With the updates on Thursday, I decided to take the plunge and try my hand at building the OS on my own. If you decide to do the same, keep in mind it is a fairly advanced procedure, despite the attempts of Google to automate the processes. You’ll also need a Ubuntu computer with version 8.04 or later (I used my server running 9.04 Jaunty).

Building Chrome

All the instructions you need are on Google’s page about this very subject. It contains a very detailed procedure for downloading and compiling the system to be installed on a regular computer or run with VMWare. Since I don’t have any spare hardware lying around, I went the VMWare route.

You’ll have to start by downloading the 200 MB files. If you wish to use the tarball version, here are the commands you can use to move to the home directory, download and unzip.

cd ~/
wget http://build.chromium.org/buildbot/archives/chromiumos-0.4.22.8.tar.gz
tar zxvf chromiumos-0.4.22.8.tar.gz
mv chromiumos-0.4.22.8/ chromiumos/
cd chromiumos

From there you can start with the steps on the above Google link.

The process is relatively straightforward as compared to a standard compile/install procedure, thanks to Google’s use of bash scripts. I proceeded without incident until it came time to run the ./enter_chroot.sh script. This one failed multiple times and it took me some time to figure out that I needed to run ./make_chroot.sh a second time. After that, there were no more problems, and I soon had a VMWare disk to use.

Using Chrome OS

If you wish to bypass the whole build process, gdgt has graciously provided a direct link to a download for a VMWare image. Going that route can definitely save some time.
After installing a VMWare Fusion trial, I had Chrome OS running and was presented with a nice log in screen. If you enter your Google address and password, all the applications should be set up immediately with your data and you can begin to use the OS right away. Once logged in, you really are using a giant browser.
At this stage, the open-source Chromium downloads lag behind what Google presented earlier this week, so some of the features aren’t available yet. Right now there is a Chrome browser, and that’s about it. The button at the top left shows some of the applications available, like Calendar, YouTube, Documents, Hulu and more.
These are essentially just links to the respective Google pages. The top right corner has buttons for changing a few settings and checking battery and WiFI information. Other than that, it’s pretty spartan (there isn’t even a shutdown button).

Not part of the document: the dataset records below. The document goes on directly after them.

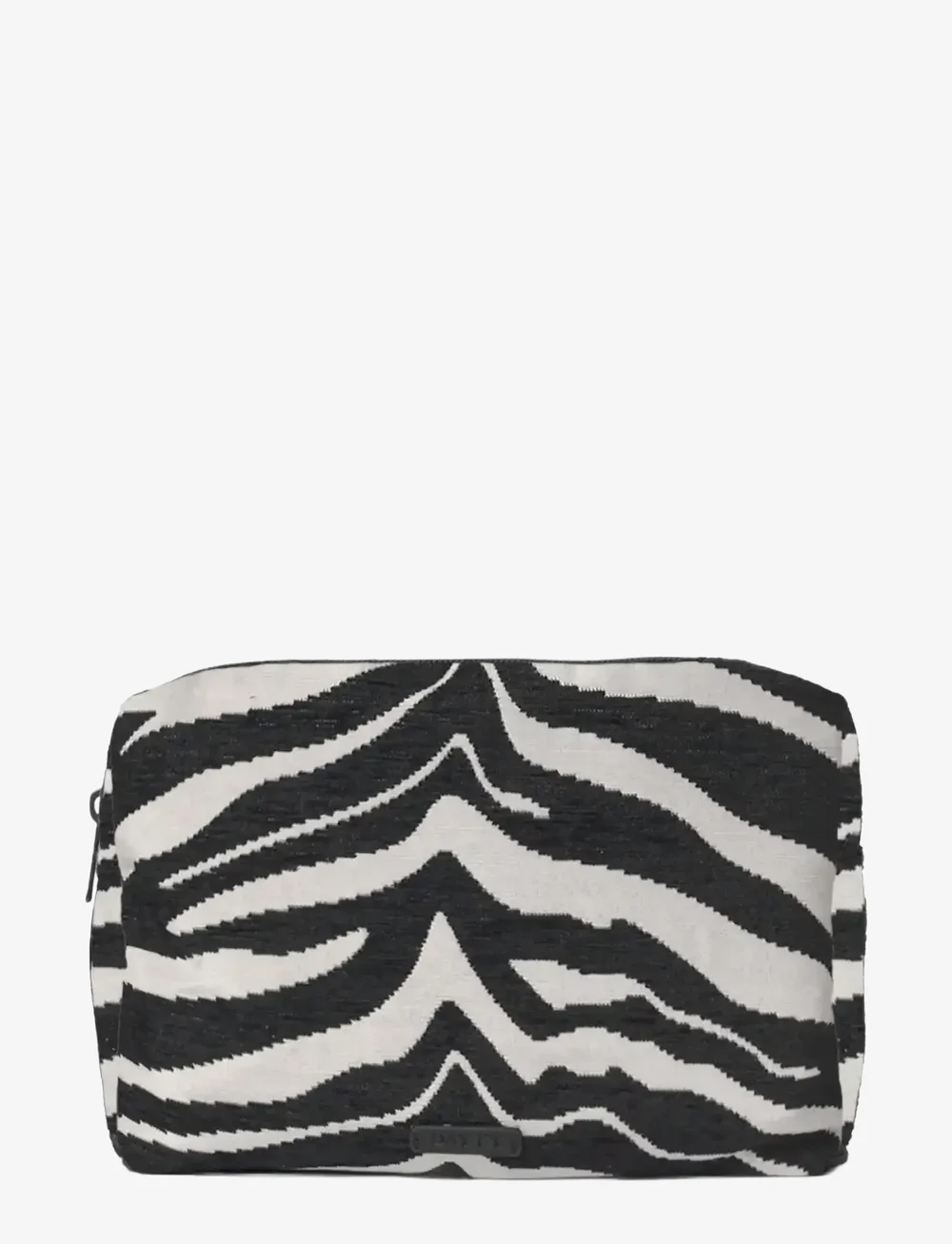 DAY ET - Day Zebra Washbag - sminke - black - 0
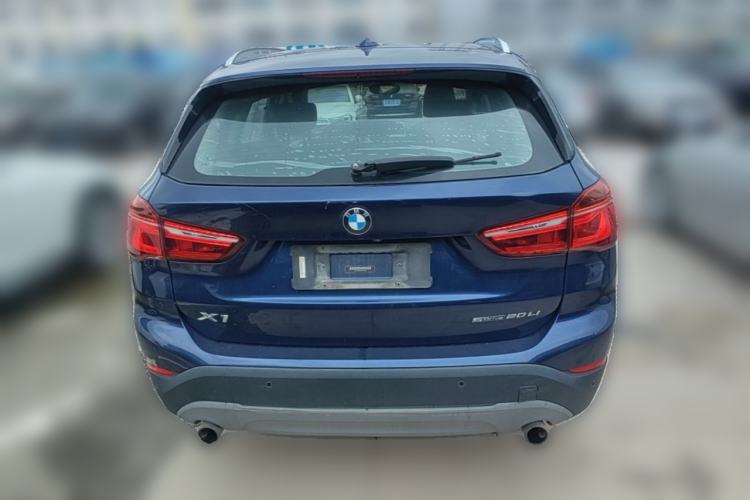 Used BMW X1 2019 sDrive20Li Leading Model Rear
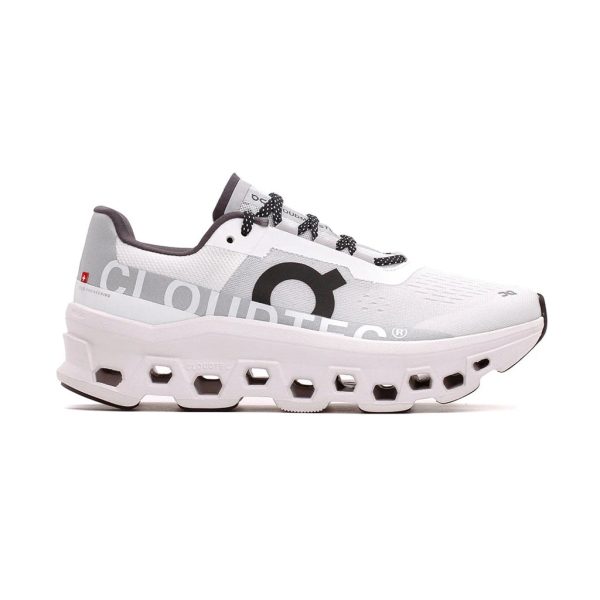 ON MEN CLOUDMONSTER ALL WHITE 61.98434
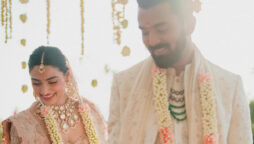 Suniel Shetty writes heartfelt note for his ‘bachchas’ Athiya Shetty and KL Rahul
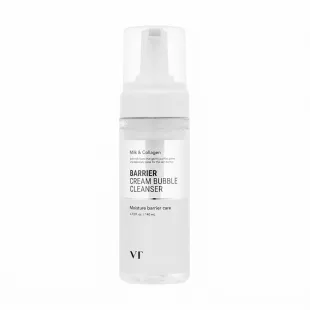 Крем для очищення VT Barrier Cream Bubble Cleanser 140ml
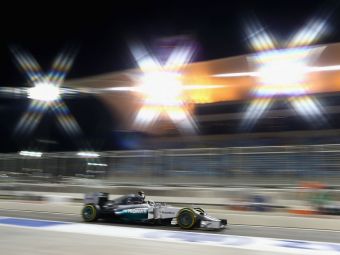 
	Victorie la LIMITA in Marele Premiu al Bahrainului! Hamilton castiga al doilea Grand Prix al sezonului! Rosberg si Perez pe podium!
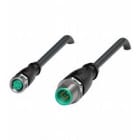 Pepperl Fuchs - Connecteurs V31-GM-BK2M-PVC-U-V1-G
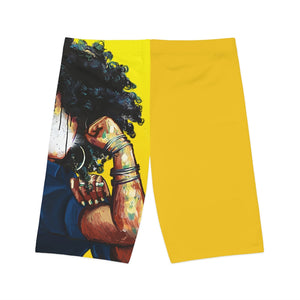 Women's Bike Shorts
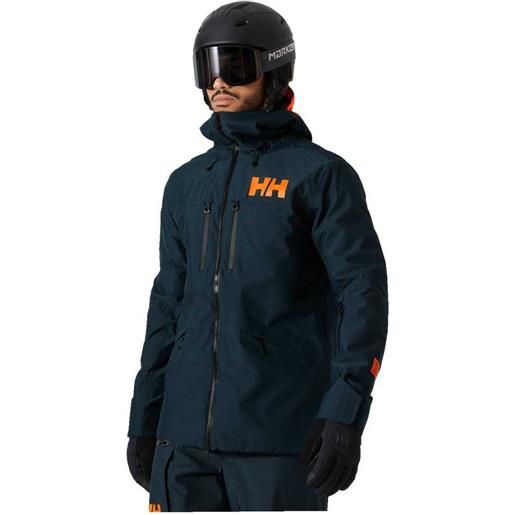 Helly Hansen garibaldi 2.0 jacket blu 2xl uomo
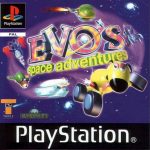 Coverart of  Evo's Space Adventures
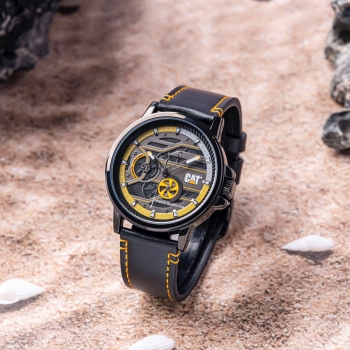 Caterpillar M66ABL1-17 (Nam-Máy Pin-Khoáng Hardlex-42mm)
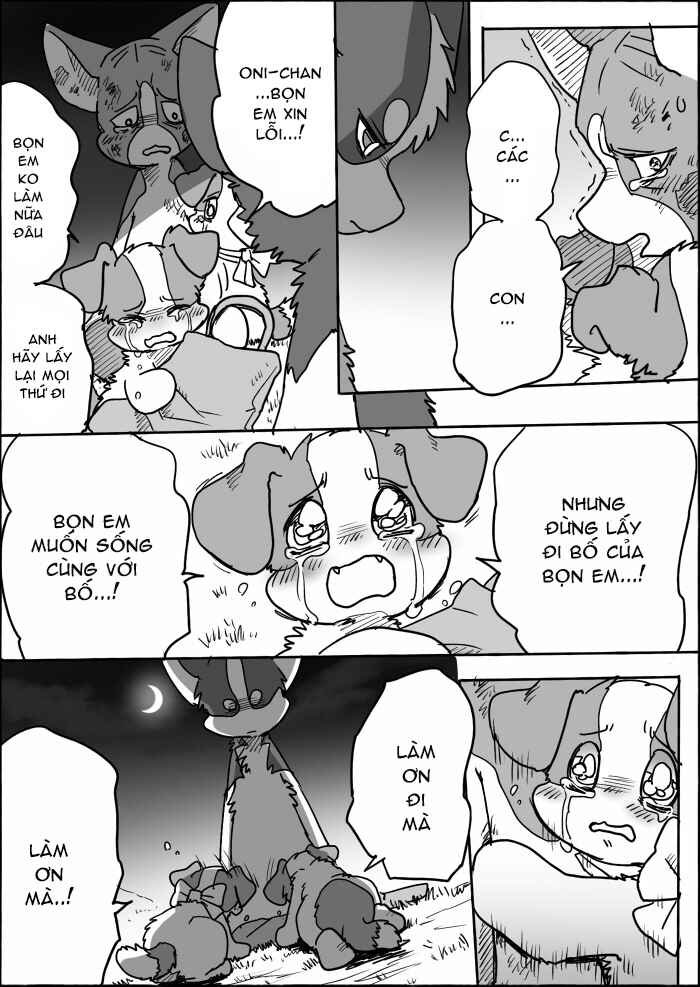 Helper Shibeta Chapter 13 - Page 31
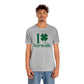 I Clover Norwalk (Green) Unisex Jersey Short Sleeve Tee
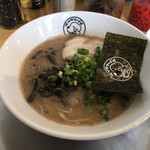 ラブラヌードル - 博多とんこつラーメン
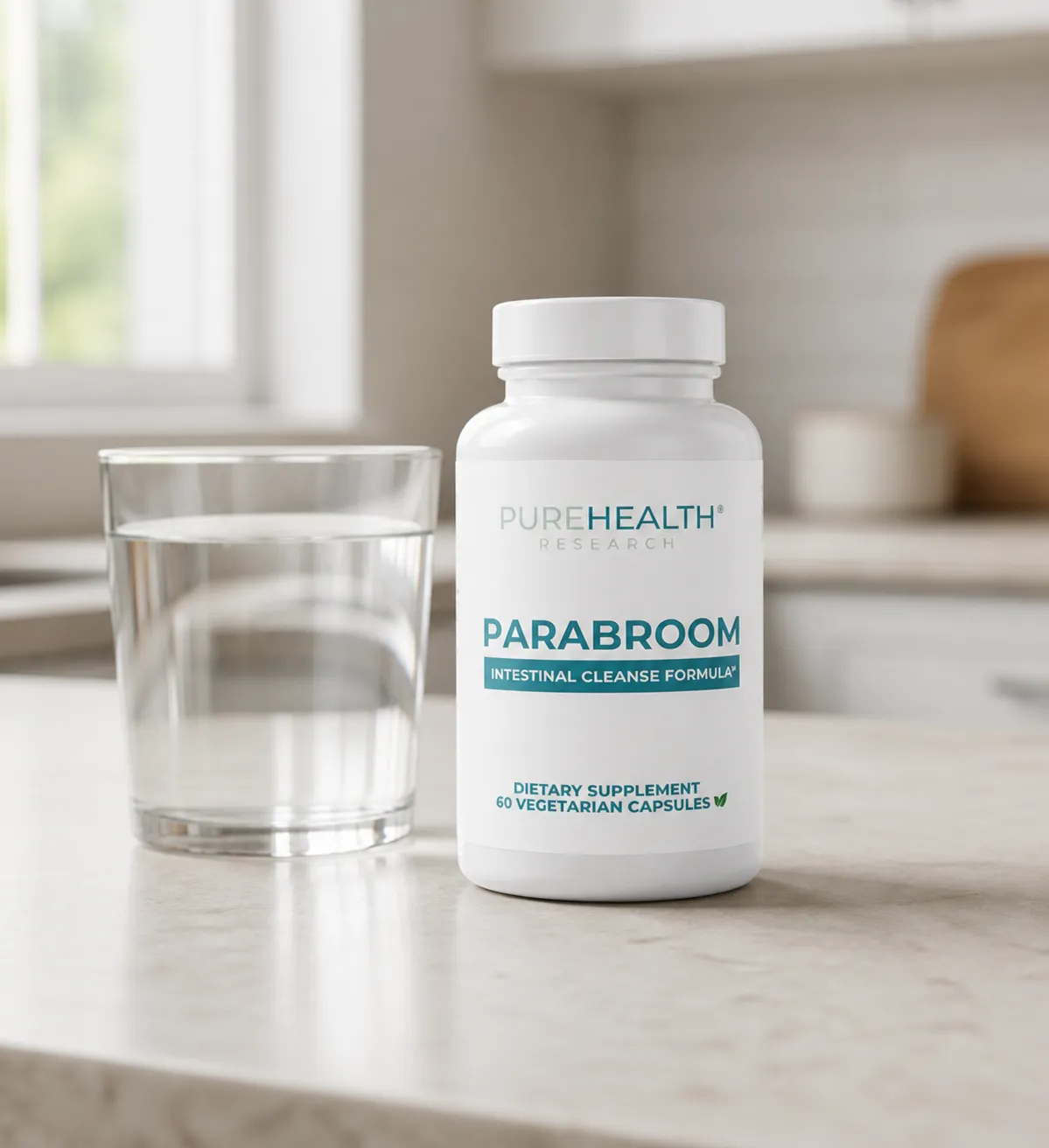 Parabroom WW — the package in everyday use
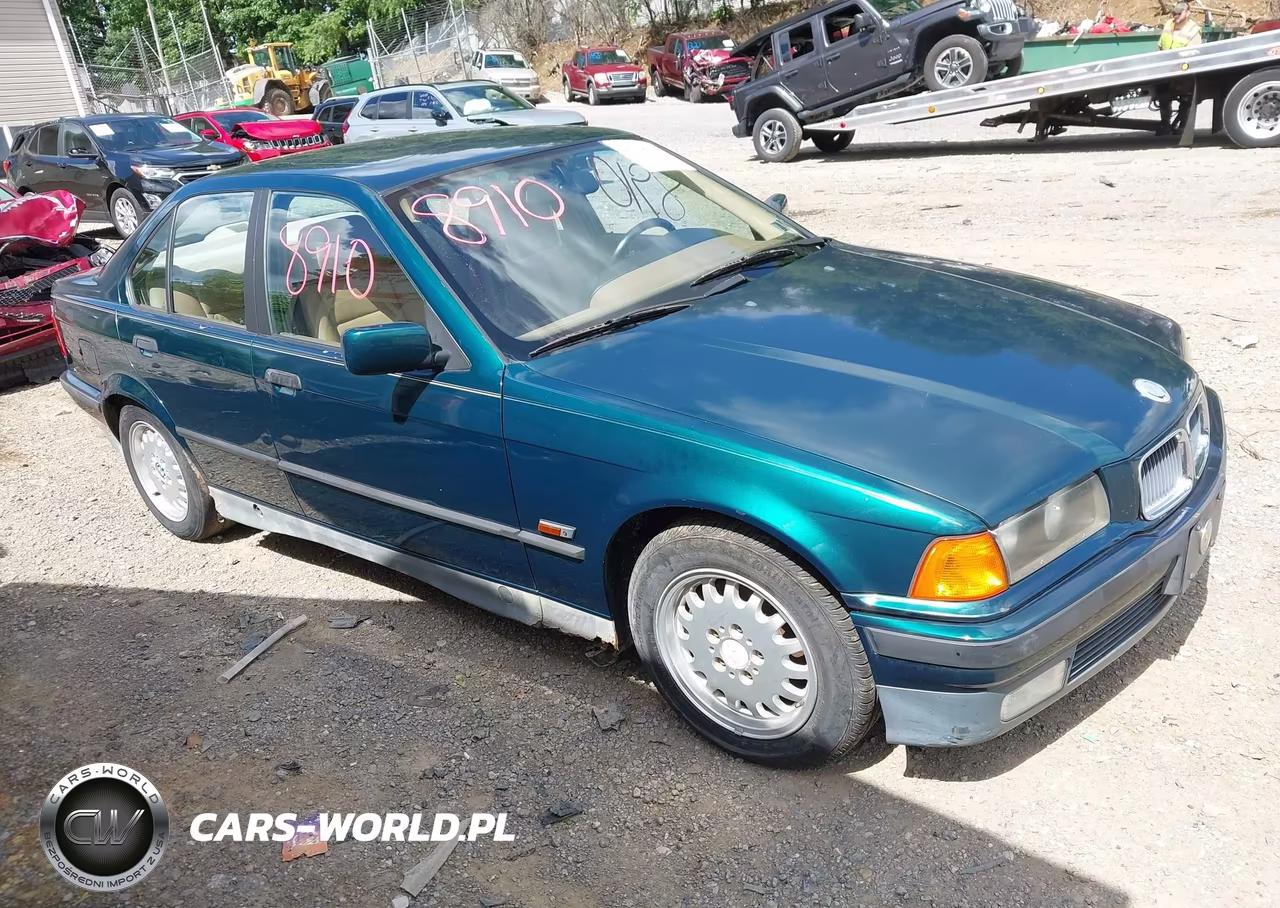 1994 BMW 325 I Automatic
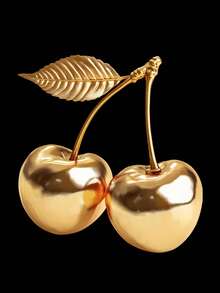 DrmWander Kỳ nghỉ, Mùa xuân, Trang phục nghỉ dưỡng cho nữ, Áo đen dễ thương mùa xuân, Áo sơ mi họa tiết quả anh đào, Áo thun nữ, Áo vàng cho nữ, Áo thun đen cho nữ - màu đen - Xem 4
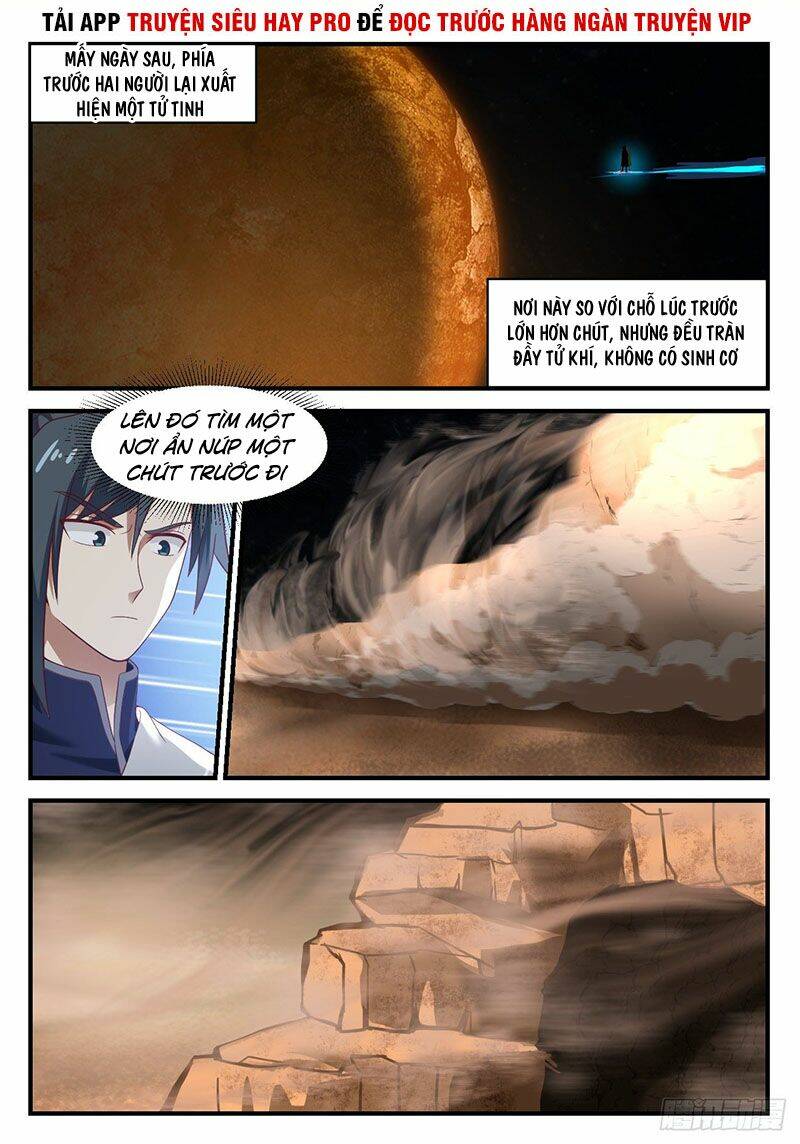 Võ Luyện Đỉnh Phong - Chapter 922 - Page 9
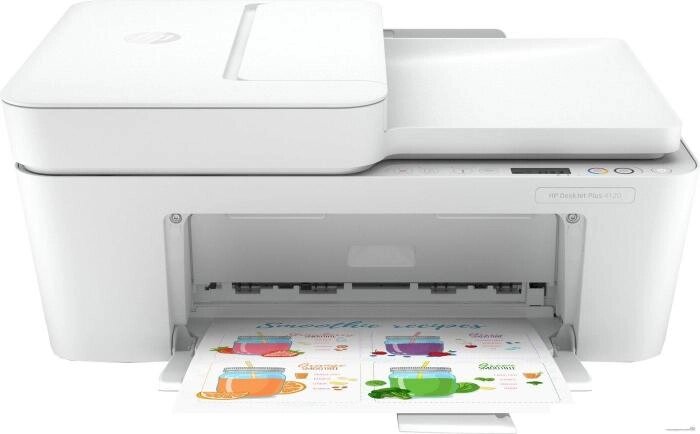 МФУ HP DeskJet Plus 4120 от компании 2255 by - онлайн гипермаркет - фото 1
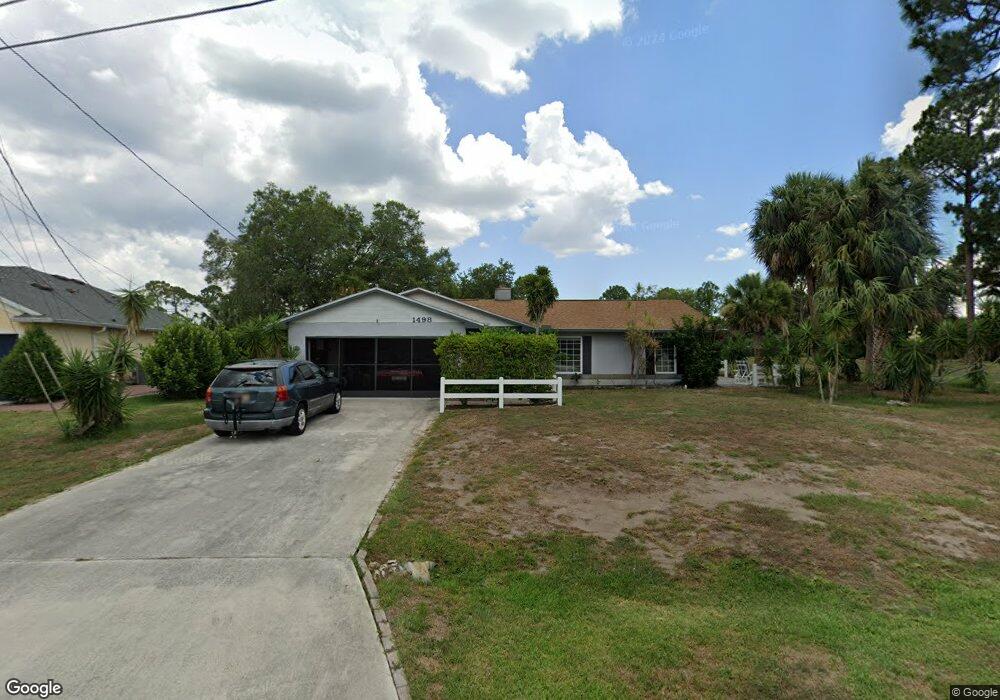 1498 SW Glastonberry Ave, Port Saint Lucie, FL 34953 - photo 1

It is an interesting take on the future of computing, a problem I noticed is that a weak internet connection really dampens the benefits. To truly make use of the features built in, you’ll need a solid pipe, because waiting to even check a calendar is a bit annoying. If/when this makes its way to netbooks with wireless internet solutions, that will make a very nice package.

Is this the future?

Using these early builds, I found myself wondering who will want to use an operating system that deals very little with local storage and functionality. Google’s intention is that it will be used almost exclusively on netbooks — the tiny 8-10″ computers that are mostly used for email and web browsing. They’ve even decided that to use their version of Chromium, you’ll have to buy a new device (it won’t be available as a software only product). For that purpose, I can see it being a success. For full scale computing, I don’t think it will be usurping Windows or Mac OS X any time soon.